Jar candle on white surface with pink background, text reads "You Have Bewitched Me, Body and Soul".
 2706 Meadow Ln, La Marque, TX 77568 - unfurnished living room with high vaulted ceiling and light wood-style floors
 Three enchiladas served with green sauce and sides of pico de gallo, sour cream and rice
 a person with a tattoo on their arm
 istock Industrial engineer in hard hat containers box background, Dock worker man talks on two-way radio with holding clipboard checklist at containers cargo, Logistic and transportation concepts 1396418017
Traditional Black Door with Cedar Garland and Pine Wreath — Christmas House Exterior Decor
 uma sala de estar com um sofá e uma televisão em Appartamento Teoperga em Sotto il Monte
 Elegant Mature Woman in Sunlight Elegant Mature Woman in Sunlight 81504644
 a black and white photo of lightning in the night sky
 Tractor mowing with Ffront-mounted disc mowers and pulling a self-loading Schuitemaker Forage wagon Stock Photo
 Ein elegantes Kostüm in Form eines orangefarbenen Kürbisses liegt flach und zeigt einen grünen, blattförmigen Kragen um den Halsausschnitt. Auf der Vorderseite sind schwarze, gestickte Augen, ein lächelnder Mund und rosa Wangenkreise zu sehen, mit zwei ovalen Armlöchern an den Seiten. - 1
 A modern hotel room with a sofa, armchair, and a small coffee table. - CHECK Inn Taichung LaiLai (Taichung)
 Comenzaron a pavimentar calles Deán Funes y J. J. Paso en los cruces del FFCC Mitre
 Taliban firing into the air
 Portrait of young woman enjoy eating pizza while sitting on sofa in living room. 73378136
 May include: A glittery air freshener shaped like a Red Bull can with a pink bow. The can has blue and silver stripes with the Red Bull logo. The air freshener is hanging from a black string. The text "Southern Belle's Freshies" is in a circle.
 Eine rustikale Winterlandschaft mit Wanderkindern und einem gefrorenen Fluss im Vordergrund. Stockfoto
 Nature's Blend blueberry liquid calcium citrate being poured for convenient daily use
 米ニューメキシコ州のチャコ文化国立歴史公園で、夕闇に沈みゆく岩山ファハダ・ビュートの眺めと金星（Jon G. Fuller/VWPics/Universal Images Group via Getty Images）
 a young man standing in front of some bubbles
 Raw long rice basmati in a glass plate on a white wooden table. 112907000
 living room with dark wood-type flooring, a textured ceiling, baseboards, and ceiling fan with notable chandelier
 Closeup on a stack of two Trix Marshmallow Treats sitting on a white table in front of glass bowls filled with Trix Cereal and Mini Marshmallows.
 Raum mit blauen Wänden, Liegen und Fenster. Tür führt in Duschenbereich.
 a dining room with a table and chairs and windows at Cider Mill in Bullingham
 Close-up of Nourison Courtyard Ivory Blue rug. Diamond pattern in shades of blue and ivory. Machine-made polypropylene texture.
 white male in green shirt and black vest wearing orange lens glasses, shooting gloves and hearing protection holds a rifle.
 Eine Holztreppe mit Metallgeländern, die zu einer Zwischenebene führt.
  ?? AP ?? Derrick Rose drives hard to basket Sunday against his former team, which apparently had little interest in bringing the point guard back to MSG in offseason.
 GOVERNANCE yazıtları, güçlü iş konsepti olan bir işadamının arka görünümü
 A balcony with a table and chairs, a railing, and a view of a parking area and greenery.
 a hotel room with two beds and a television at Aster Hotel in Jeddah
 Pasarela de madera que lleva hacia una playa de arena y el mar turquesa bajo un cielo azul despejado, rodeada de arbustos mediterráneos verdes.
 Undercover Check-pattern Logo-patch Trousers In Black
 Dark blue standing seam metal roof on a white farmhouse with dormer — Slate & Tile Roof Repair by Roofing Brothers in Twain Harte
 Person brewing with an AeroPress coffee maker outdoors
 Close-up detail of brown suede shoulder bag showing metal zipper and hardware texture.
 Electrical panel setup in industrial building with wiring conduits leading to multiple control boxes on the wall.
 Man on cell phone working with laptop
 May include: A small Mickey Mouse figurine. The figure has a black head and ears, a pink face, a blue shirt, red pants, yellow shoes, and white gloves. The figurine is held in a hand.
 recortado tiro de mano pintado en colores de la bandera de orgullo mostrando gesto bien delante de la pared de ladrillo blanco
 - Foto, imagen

- - - -

◆ Exercise description ◆
Each line above must be printed exactly as it appears.

◆ Solution to this problem ◆
Jar candle on white surface with pink background, text reads "You Have Bewitched Me, Body and Soul".
 2706 Meadow Ln, La Marque, TX 77568 - unfurnished living room with high vaulted ceiling and light wood-style floors
 Three enchiladas served with green sauce and sides of pico de gallo, sour cream and rice
 a person with a tattoo on their arm
 istock Industrial engineer in hard hat containers box background, Dock worker man talks on two-way radio with holding clipboard checklist at containers cargo, Logistic and transportation concepts 1396418017
Traditional Black Door with Cedar Garland and Pine Wreath — Christmas House Exterior Decor
 uma sala de estar com um sofá e uma televisão em Appartamento Teoperga em Sotto il Monte
 Elegant Mature Woman in Sunlight Elegant Mature Woman in Sunlight 81504644
 a black and white photo of lightning in the night sky
 Tractor mowing with Ffront-mounted disc mowers and pulling a self-loading Schuitemaker Forage wagon Stock Photo
 Ein elegantes Kostüm in Form eines orangefarbenen Kürbisses liegt flach und zeigt einen grünen, blattförmigen Kragen um den Halsausschnitt. Auf der Vorderseite sind schwarze, gestickte Augen, ein lächelnder Mund und rosa Wangenkreise zu sehen, mit zwei ovalen Armlöchern an den Seiten. - 1
 A modern hotel room with a sofa, armchair, and a small coffee table. - CHECK Inn Taichung LaiLai (Taichung)
 Comenzaron a pavimentar calles Deán Funes y J. J. Paso en los cruces del FFCC Mitre
 Taliban firing into the air
 Portrait of young woman enjoy eating pizza while sitting on sofa in living room. 73378136
 May include: A glittery air freshener shaped like a Red Bull can with a pink bow. The can has blue and silver stripes with the Red Bull logo. The air freshener is hanging from a black string. The text "Southern Belle's Freshies" is in a circle.
 Eine rustikale Winterlandschaft mit Wanderkindern und einem gefrorenen Fluss im Vordergrund. Stockfoto
 Nature's Blend blueberry liquid calcium citrate being poured for convenient daily use
 米ニューメキシコ州のチャコ文化国立歴史公園で、夕闇に沈みゆく岩山ファハダ・ビュートの眺めと金星（Jon G. Fuller/VWPics/Universal Images Group via Getty Images）
 a young man standing in front of some bubbles
 Raw long rice basmati in a glass plate on a white wooden table. 112907000
 living room with dark wood-type flooring, a textured ceiling, baseboards, and ceiling fan with notable chandelier
 Closeup on a stack of two Trix Marshmallow Treats sitting on a white table in front of glass bowls filled with Trix Cereal and Mini Marshmallows.
 Raum mit blauen Wänden, Liegen und Fenster. Tür führt in Duschenbereich.
 a dining room with a table and chairs and windows at Cider Mill in Bullingham
 Close-up of Nourison Courtyard Ivory Blue rug. Diamond pattern in shades of blue and ivory. Machine-made polypropylene texture.
 white male in green shirt and black vest wearing orange lens glasses, shooting gloves and hearing protection holds a rifle.
 Eine Holztreppe mit Metallgeländern, die zu einer Zwischenebene führt.
  ?? AP ?? Derrick Rose drives hard to basket Sunday against his former team, which apparently had little interest in bringing the point guard back to MSG in offseason.
 GOVERNANCE yazıtları, güçlü iş konsepti olan bir işadamının arka görünümü
 A balcony with a table and chairs, a railing, and a view of a parking area and greenery.
 a hotel room with two beds and a television at Aster Hotel in Jeddah
 Pasarela de madera que lleva hacia una playa de arena y el mar turquesa bajo un cielo azul despejado, rodeada de arbustos mediterráneos verdes.
 Undercover Check-pattern Logo-patch Trousers In Black
 Dark blue standing seam metal roof on a white farmhouse with dormer — Slate & Tile Roof Repair by Roofing Brothers in Twain Harte
 Person brewing with an AeroPress coffee maker outdoors
 Close-up detail of brown suede shoulder bag showing metal zipper and hardware texture.
 Electrical panel setup in industrial building with wiring conduits leading to multiple control boxes on the wall.
 Man on cell phone working with laptop
 May include: A small Mickey Mouse figurine. The figure has a black head and ears, a pink face, a blue shirt, red pants, yellow shoes, and white gloves. The figurine is held in a hand.
 recortado tiro de mano pintado en colores de la bandera de orgullo mostrando gesto bien delante de la pared de ladrillo blanco
 - Foto, imagen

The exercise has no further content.